Marla Gibbs is basically from Chicago, married there, eventually had three children, Donan, Joseph and Angela Gibbs and decided to come West following a divorce from husband, Jordan. She had been working as a United Airlines Reservation clerk. Wait a minute, the story really becomes extraordinary, Marla was married at age 13 and still completed high school and later attended Peters Business School. She even worked as a receptionist and switchboard operator in Detroit.
When finally relocating to Los Angeles, to prepare and educate herself for greater achievements, it became even more intense. The lady with a sarcastic wit who created the character of “Florence” the maid in the hit series “The Jeffersons” was well prepared to handle anything demanded of her in the film or TV industry.

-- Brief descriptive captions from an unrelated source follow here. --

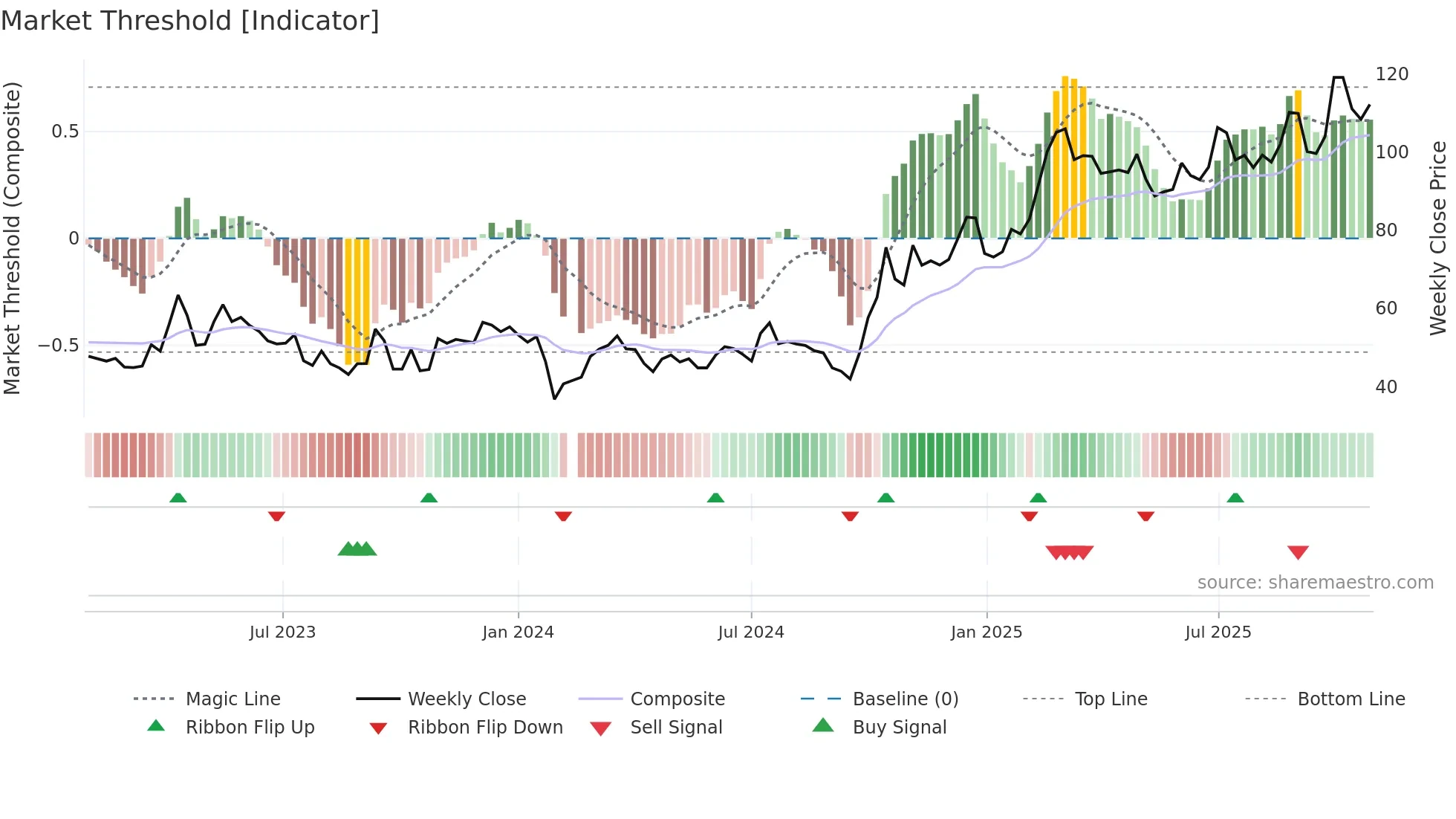 688213 weekly Market Threshold chart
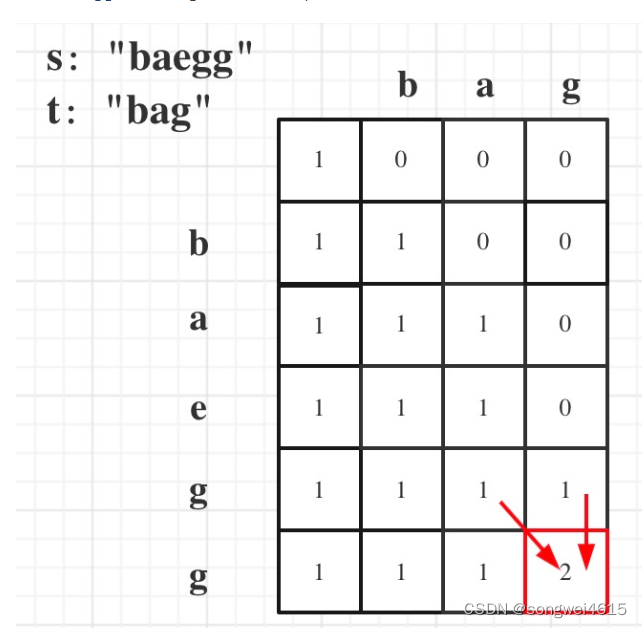 算法学习——LeetCode力扣动态规划篇9（1035. 不相交的线、53. 最大子数组和、392. 判断子序列、115. 不同的子序列）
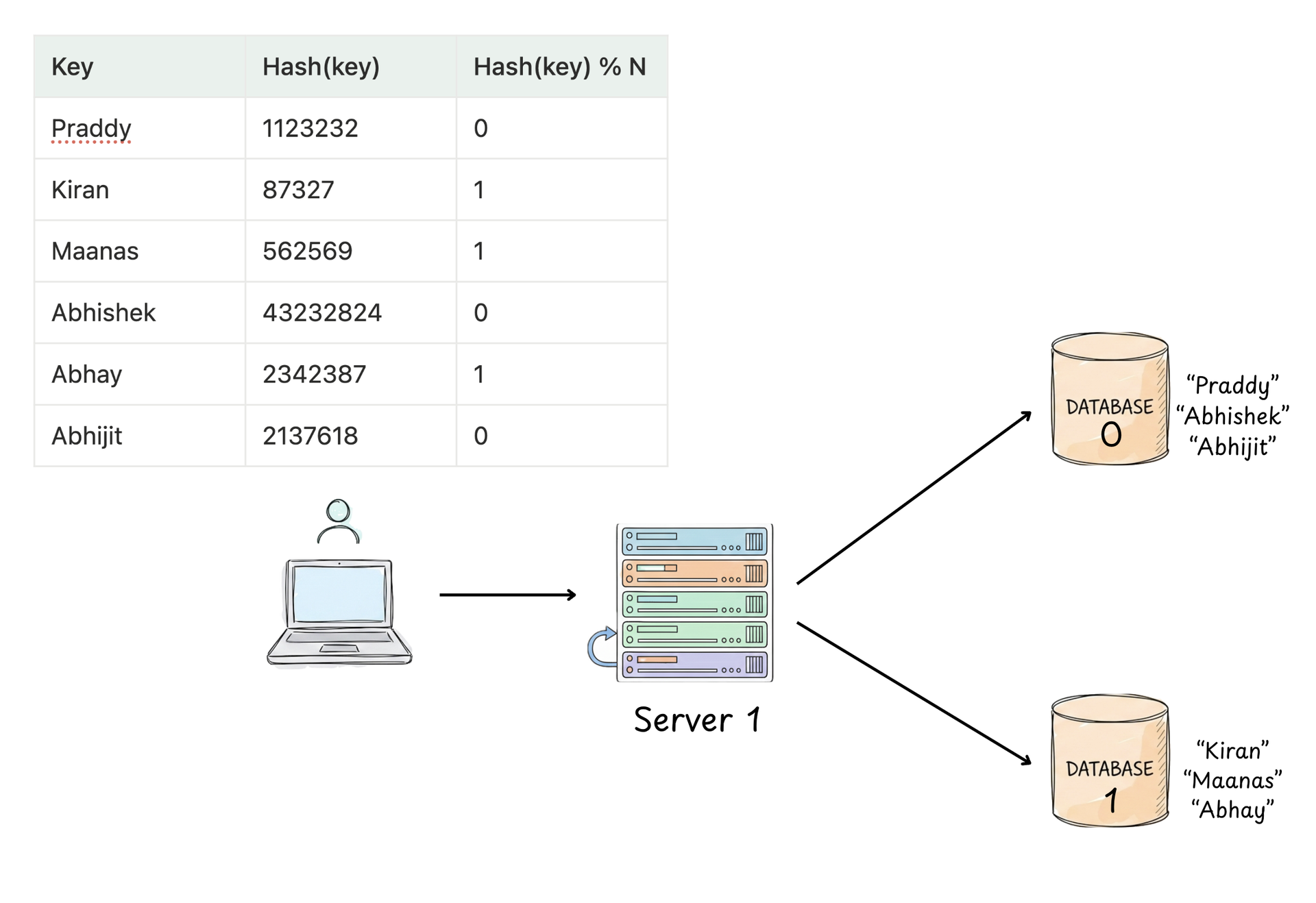 Rehashing Problem after degrading a node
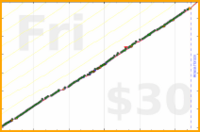 meta/zombiequeen's progress graph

Once in Los Angeles, realizing the importance of being prepared for anything she might undertake, the first move Marla made was, when deciding she might try acting, was to enroll at the Mafundi Institute and the Watts Writers Workshop located in the Watts area. She later appeared in local productions, including that of “Meda,” “The Amen Corner” and “The Gingerbread Lady.”
It was after doing a few minor film roles, including the blaxploitation” film, “Black Belt Jones I” in 1974 that she was signed for the hole of “Florence Johnston” in “The Jeffersons” series. It was supposed to be an on-shot deal, but the reaction to the character was so overwhelming, the producers decided to extend the role of “Florence Johnston,” the foil to the Sherman Hemsley character “George Jefferson.” Marla quickly made me understand that she didn’t give up her job with the airlines until the show was a certified hit.
When the show ended following several fantastic years of success, Marla was picked up immediately for the lead in her own series “227,” which was a huge success.
Norman Lear, producer, gave it the green light and the rest is history. Marla never forgot who and what she was; no matter how successful she has become, she is always ready to give a helping hand. Marla even starred in my pre-Broadway production of “I Feel Sin Comin On” which had its formal public reading at the Saban Theater in Beverly Hills. The audience filled the seats and spent an evening of laughter and memories anytime she opened her mouth. After all, to them she was still “Florence” giving a piece of her mind when necessary.